What you have to do: Take the material below and extract the lines from the one with "The Park View" through the one with "Dhanteras 2022: धनतेरस", word for word, without pictures.

Dataset records:
--

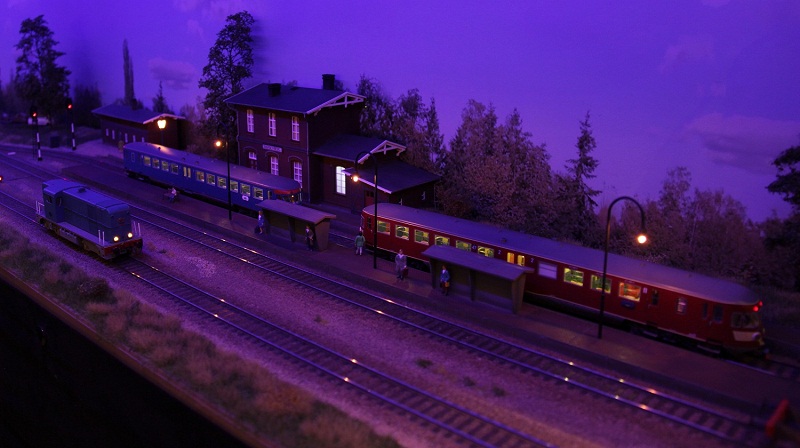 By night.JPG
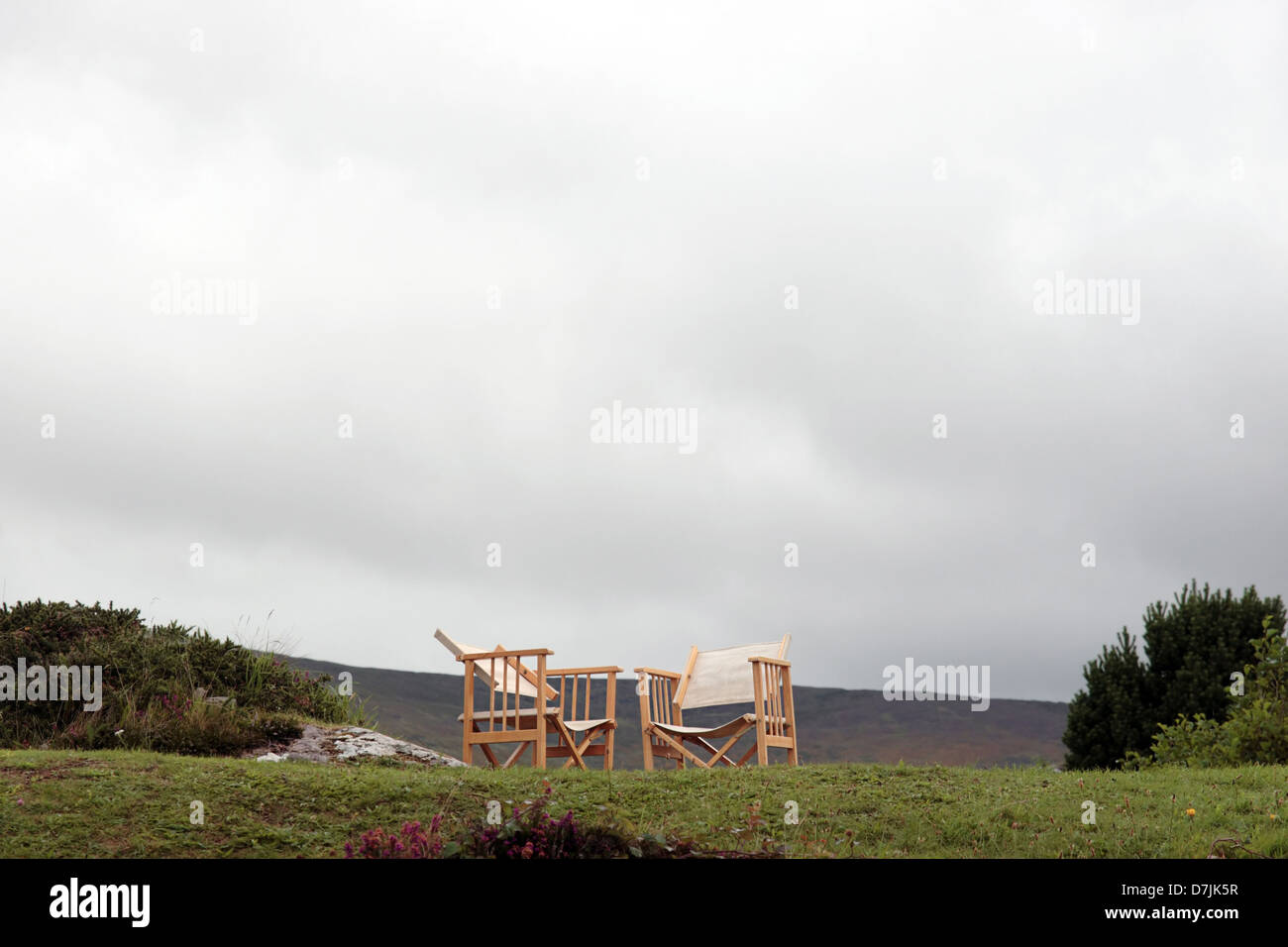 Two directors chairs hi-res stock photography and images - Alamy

--

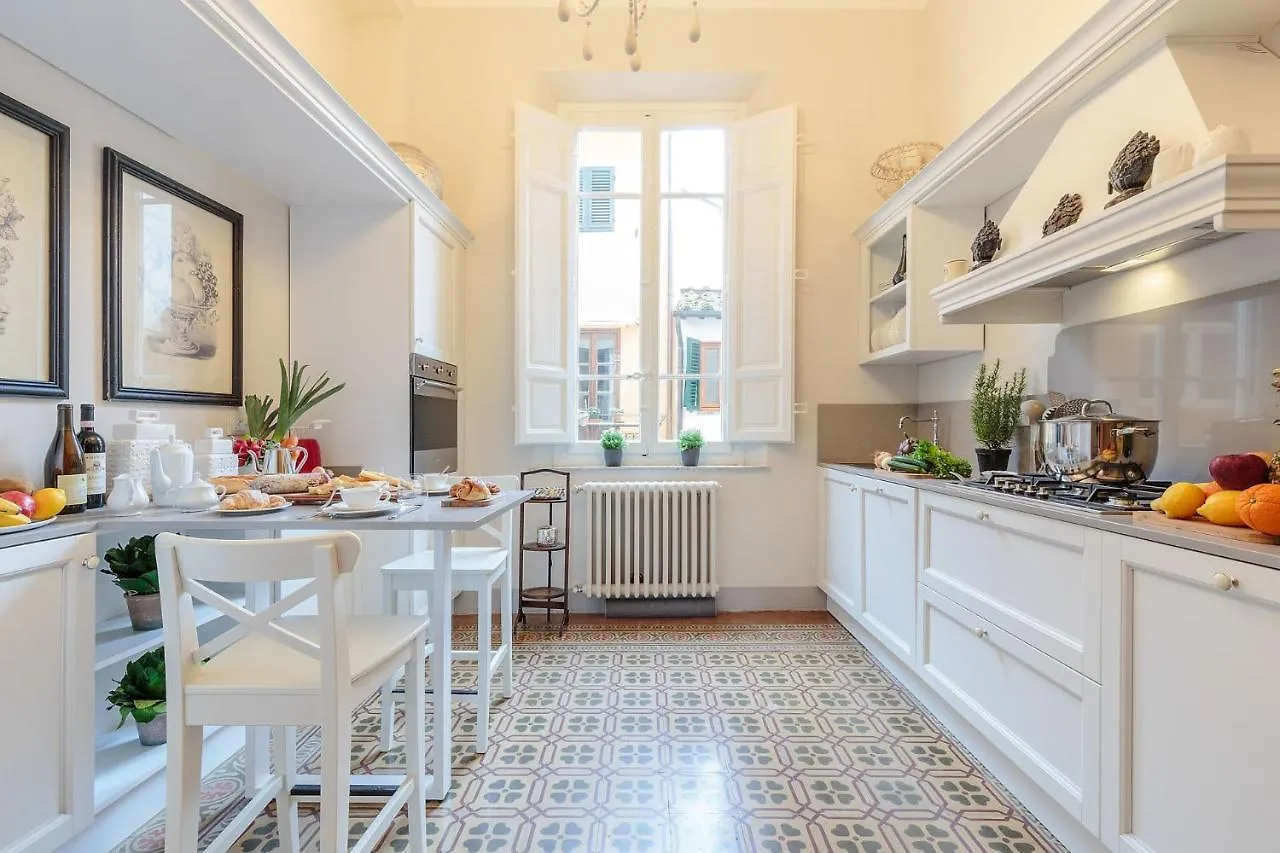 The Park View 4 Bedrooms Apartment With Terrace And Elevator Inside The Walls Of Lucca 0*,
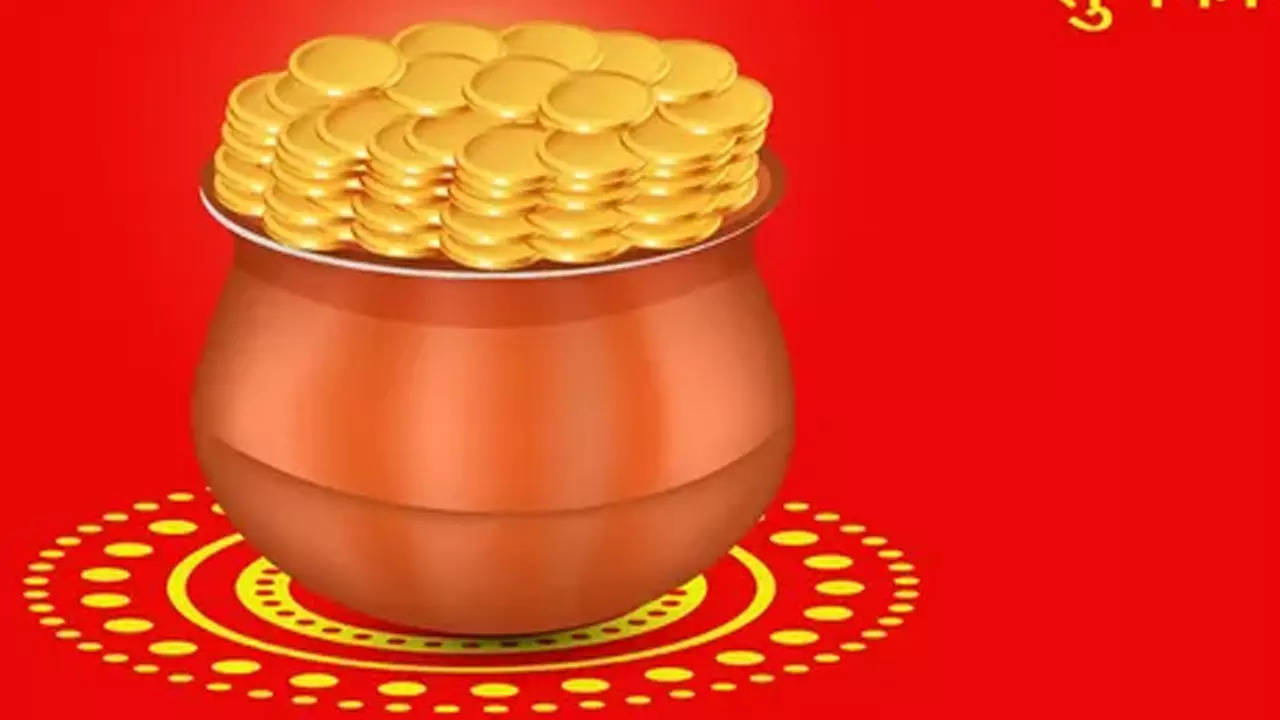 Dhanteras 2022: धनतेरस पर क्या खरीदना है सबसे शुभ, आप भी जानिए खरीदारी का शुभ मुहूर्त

--

Solution for this problem:
 The Park View 4 Bedrooms Apartment With Terrace And Elevator Inside The Walls Of Lucca 0*,
 Dhanteras 2022: धनतेरस पर क्या खरीदना है सबसे शुभ, आप भी जानिए खरीदारी का शुभ मुहूर्त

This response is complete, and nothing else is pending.